Lecture Notes in Pattern Recognition: Episode 22 – Norm-dependent Gradients

These are the lecture notes for FAU’s YouTube Lecture “Pattern Recognition“. This is a full transcript of the lecture video & matching slides. We hope, you enjoy this as much as the videos. Of course, this transcript was created with deep learning techniques largely automatically and only minor manual modifications were performed. Try it yourself! If you spot mistakes, please let us know!

Welcome back to pattern recognition. Today we want to look a bit more into optimization and the topic today will be looking into the actual update direction. We’ve seen the gradient descent methods in the previous video and today we want to have a couple of thoughts on how to pick the particular update direction.

Image under CC BY 4.0 from the Pattern Recognition Lecture

These are different kinds of steepest descent methods and even the normalized ones we might want to consider what update direction we actually want to choose. What we actually want to get is the largest decrease in the linear approximation of f. Technically we could also constrain this gradient direction by a unit ball of an Lp norm. So here we would then search for the update direction as the minimum over sum u that has a length of one according to our norm. Then the projection of the gradient onto this norm. So we observe that if we do this kind of optimization for selecting the update direction, then the steepest direction might not be simply the negative gradient direction.
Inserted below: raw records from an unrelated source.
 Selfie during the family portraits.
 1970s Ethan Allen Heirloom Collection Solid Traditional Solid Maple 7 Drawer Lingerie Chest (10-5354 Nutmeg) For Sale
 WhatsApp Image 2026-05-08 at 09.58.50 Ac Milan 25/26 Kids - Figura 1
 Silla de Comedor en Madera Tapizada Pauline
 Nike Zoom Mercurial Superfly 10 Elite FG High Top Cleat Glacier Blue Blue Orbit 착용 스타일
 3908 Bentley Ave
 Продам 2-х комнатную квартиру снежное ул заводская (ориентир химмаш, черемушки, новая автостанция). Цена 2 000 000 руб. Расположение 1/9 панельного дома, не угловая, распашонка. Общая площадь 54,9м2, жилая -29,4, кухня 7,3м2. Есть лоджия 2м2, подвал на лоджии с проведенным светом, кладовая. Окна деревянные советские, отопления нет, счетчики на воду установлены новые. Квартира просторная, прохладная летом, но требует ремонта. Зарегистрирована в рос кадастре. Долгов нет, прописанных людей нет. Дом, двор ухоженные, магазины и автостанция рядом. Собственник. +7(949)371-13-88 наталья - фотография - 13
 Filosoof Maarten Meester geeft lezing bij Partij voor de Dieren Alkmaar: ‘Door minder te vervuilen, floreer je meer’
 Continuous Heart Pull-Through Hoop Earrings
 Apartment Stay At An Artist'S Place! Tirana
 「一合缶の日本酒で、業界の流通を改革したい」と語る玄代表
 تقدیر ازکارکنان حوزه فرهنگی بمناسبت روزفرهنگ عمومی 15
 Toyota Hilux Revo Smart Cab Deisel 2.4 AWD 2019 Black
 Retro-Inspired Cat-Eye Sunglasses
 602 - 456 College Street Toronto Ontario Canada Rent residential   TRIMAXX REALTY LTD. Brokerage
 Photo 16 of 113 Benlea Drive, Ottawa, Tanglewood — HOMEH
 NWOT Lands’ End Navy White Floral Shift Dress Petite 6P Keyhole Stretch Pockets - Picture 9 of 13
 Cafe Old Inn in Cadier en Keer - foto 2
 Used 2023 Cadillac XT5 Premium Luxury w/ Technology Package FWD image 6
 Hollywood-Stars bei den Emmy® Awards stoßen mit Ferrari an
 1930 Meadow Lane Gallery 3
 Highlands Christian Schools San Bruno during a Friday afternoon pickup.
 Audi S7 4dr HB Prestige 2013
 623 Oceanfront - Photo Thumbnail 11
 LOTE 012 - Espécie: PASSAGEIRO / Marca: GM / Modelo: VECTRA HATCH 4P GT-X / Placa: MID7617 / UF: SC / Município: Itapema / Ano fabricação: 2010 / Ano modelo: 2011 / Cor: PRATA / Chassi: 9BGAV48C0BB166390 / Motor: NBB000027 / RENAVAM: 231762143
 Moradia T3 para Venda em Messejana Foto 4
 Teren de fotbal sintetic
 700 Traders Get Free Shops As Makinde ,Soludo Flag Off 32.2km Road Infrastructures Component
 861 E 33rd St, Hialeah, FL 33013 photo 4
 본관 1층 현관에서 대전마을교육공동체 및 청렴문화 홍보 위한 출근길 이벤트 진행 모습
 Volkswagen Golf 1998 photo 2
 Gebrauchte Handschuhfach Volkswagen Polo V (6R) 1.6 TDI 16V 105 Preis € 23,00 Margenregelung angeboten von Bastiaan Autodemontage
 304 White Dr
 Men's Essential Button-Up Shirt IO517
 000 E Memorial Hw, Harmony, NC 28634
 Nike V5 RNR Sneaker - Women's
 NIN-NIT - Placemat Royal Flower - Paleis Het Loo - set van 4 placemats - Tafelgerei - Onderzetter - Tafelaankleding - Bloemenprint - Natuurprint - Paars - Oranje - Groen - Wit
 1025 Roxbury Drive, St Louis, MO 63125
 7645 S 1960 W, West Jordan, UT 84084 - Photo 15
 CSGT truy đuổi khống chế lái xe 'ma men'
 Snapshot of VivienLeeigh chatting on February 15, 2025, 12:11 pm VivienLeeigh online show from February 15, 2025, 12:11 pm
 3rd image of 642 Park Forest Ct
But it may depend on the chosen norm. So the negative gradient is not necessarily the best choice for the search direction.

Image under CC BY 4.0 from the Pattern Recognition Lecture

Let’s look into a bit of an idea of how to perform this and here we want to think about some linear ideas. We consider now the first-order Taylor approximation of f(x+u). If we want to look at that in the selected position x then we can approximate f(x+u) as f(x) plus the gradient of f(x) inner product with this unit ball u. So here this inner product of the gradient and the unit ball is the directional derivative of x in direction u. So the vector u denotes a descent direction. If the inner product with the gradient vector is negative which means that we have this inner product smaller than zero. 

Image under CC BY 4.0 from the Pattern Recognition Lecture

Now this gives then rise to a new steepest descent method. We again have the function we have the initial estimate but now we also have a norm. We initialize with k to zero and the first thing that we do is compute the update direction. So here it’s not just a negative gradient but we compute the steepest descent according to our norm. Then we do the 1D line search and we update with the appropriate fit and then we iterate until we are converged. So there’s only a little change in x. 

Image under CC BY 4.0 from the Pattern Recognition Lecture

Now let’s have a look at different norms. Let’s look at the unit ball for the L2 norm. So here we have indicated the negative gradient direction. This is our unit ball and now we are looking for essentially all of the directions u and we seek the direction u that has essentially the largest projection of our negative gradient direction onto u. If we think about that you can see well it is exactly the negative gradient direction. So for the case of the L2 norm, our statement that the negative gradient direction is the direction of steepest descent is actually true. 

Image under CC BY 4.0 from the Pattern Recognition Lecture

Now let’s consider other norms. We’ll start with the L1 norm now in the L1 norm we have a different unit ball. A unit ball looks like this. Now again we vary u over all of the boundaries of our unit ball. Now we look for the direction that produces the maximum projection of the negative gradient onto our unit ball. We see it lies here. So this is the longest projection of our negative gradient direction onto the unit ball of the L1 norm. So this is interesting because we essentially end up exactly with one of the coordinate axes. Now let’s look into a second example. Here we see if the negative gradient direction would be in this direction again we end up with exactly a projection onto one of our coordinate axes.